CAPSTONE: ‘You can’t always get what you want’

By Allison Lozada —

While some bands try to make it big others have tasted the bittersweet nectar of stardom. John Blicharz, guitarist of metal band Annuanki and student at New Jersey City University gives some advice to those bands who are trying to succeed in the music business. The truth about the music industry isn’t as glamorous as it seems.

“You really have to love what you do,” said Blicharz. Blicharz may not sound too familiar in the United States but rest assure if you travel to Germany, you will find fans wearing Annunaki band shirts. He has played shows in multiple places in the United States and overseas. He explains how fans differ from American to German, “In Germany, we are treated like human beings… People are just friendly.”
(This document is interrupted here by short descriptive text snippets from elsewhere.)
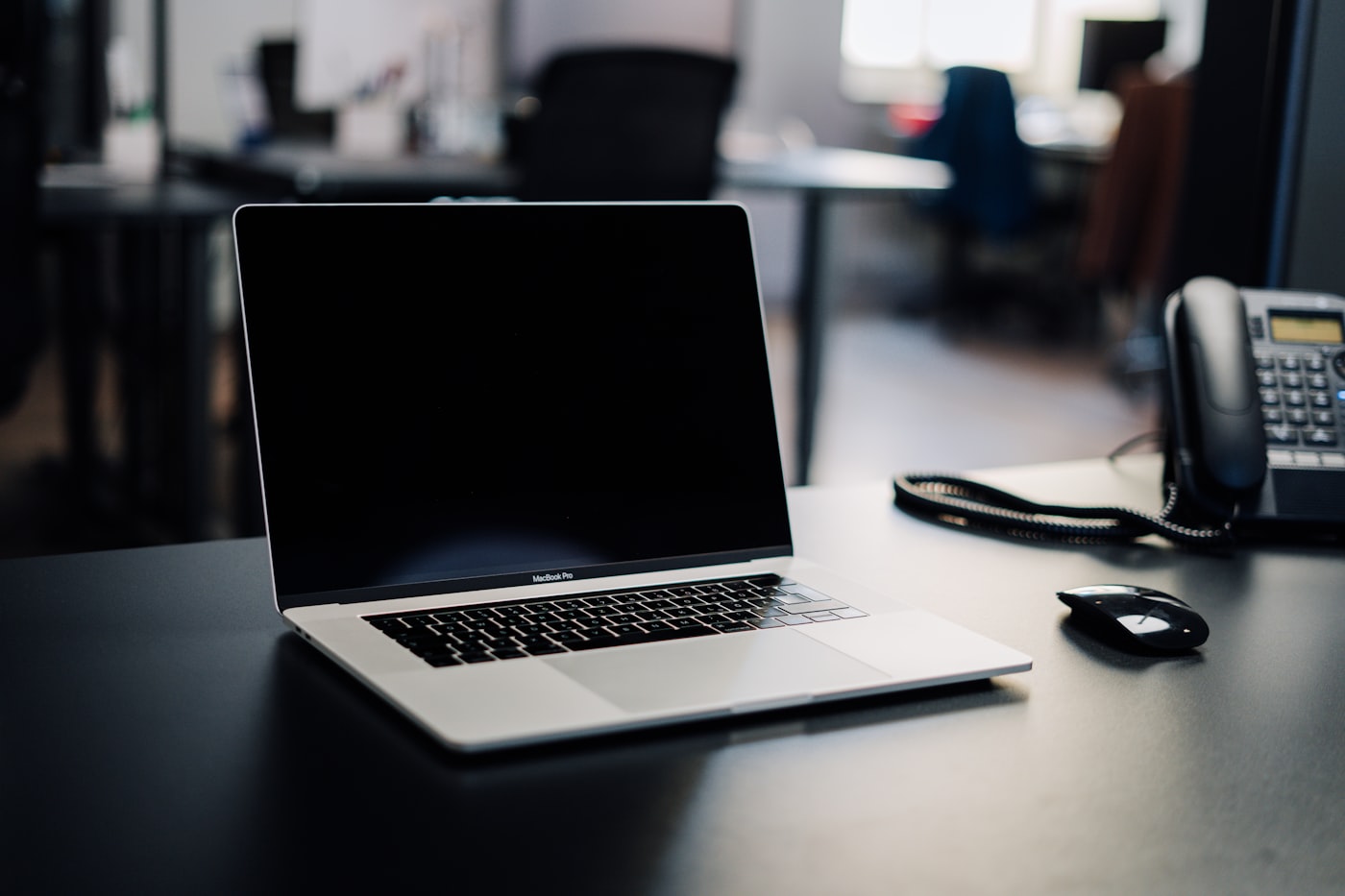 A laptop and desk phone on a clean workspace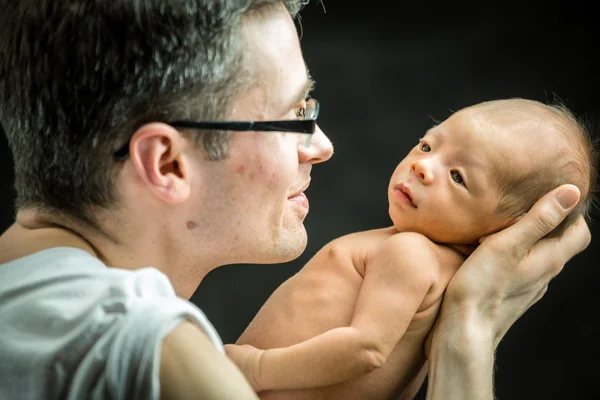 Glücklicher Vater, der seinen neugeborenen Sohn liebevoll hält — Stockfoto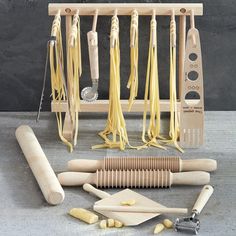 pasta cutters and other kitchen utensils are arranged in front of a wooden rack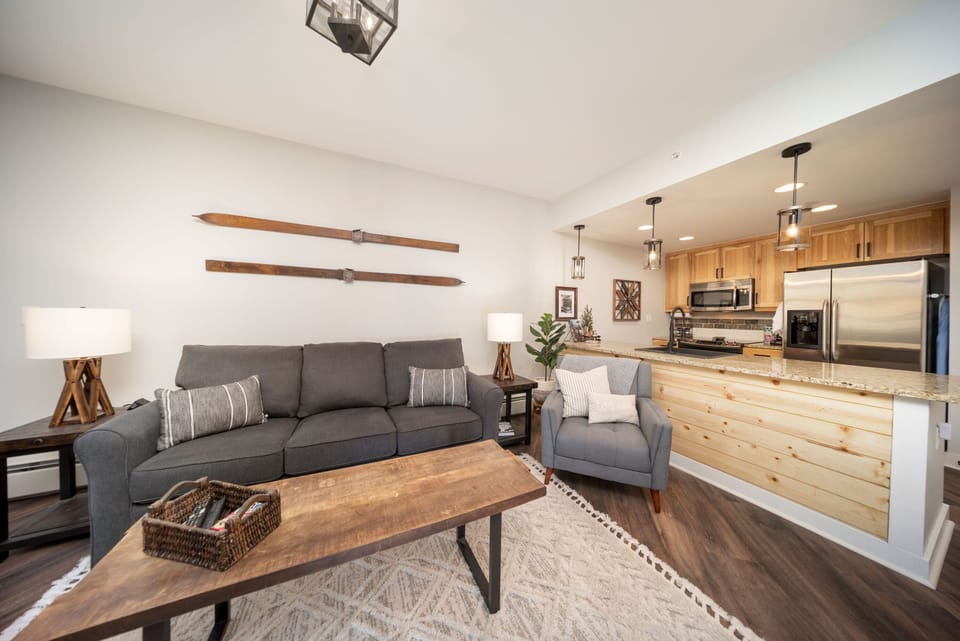 Unwind in your inviting living space with soft seating and mountain-inspired décor, flowing seamlessly into a fully-equipped kitchen perfect for preparing meals together.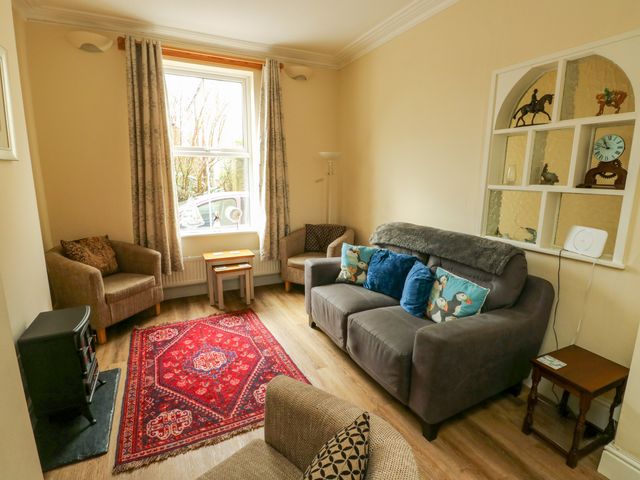 A living room with a sofa and armchairs around a red rug and a window at 1 Castle Row in Beaumaris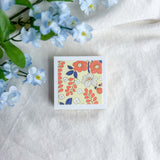 Yellow floral design washi paper on a white fabric background with blue flowers.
Blicharz grew up in the era where metal was just gasping its’ first breath of air. Mentioning Iron Maiden, Deep Purple, and Slayer, it was no surprise he was going to become inspired by all these founding fathers of metal. Getting involved in the metal scene was much easier than becoming involved with the industry. Playing shows and promoting music hoping someone will be charmed by the chords and riffs can take its toll.

Struggles in the music business always come back to money. Some gigs can be farther than expected, but a gig is a gig. Promoting your music is expensive but not as expensive as traveling. Gas and food become a factor that must be taken into serious consideration. Signing with sleazy record companies with alternate motives can ruin everything. You can kiss the rights of your music good bye.

The New York Times had an article on August 15, 2011 that read, “When copyright law was revised in the mid-1970s, musicians, like creators of other works of art, were granted “termination rights,” which allow them to regain control of their work after 35 years, so long as they apply at least two years in advance.”

Without having too much knowledge, especially experience, damage control may have to be taken. Along with money problems, however, band members can be the death of the musical journey.” The ideal band has democracy,” said Blicharz.

Dealing with band members will always be a constant struggle according to Blicharz. There will always be at least two people trying to call the shots or demand the attention and that is where the band can suffer. If any problem arises let it out or, as Blicharz said, “bitch it out.”

Meeting your musical inspiration may not always go the way you plan. If you have high expectations, your ideal can fall through the cracks. In fact, you may be seeing someone completely different than what you had hoped for. One advice Blicahrz does offer to everyone is, “Don’t meet your ideals. They won’t be your ideals anymore.”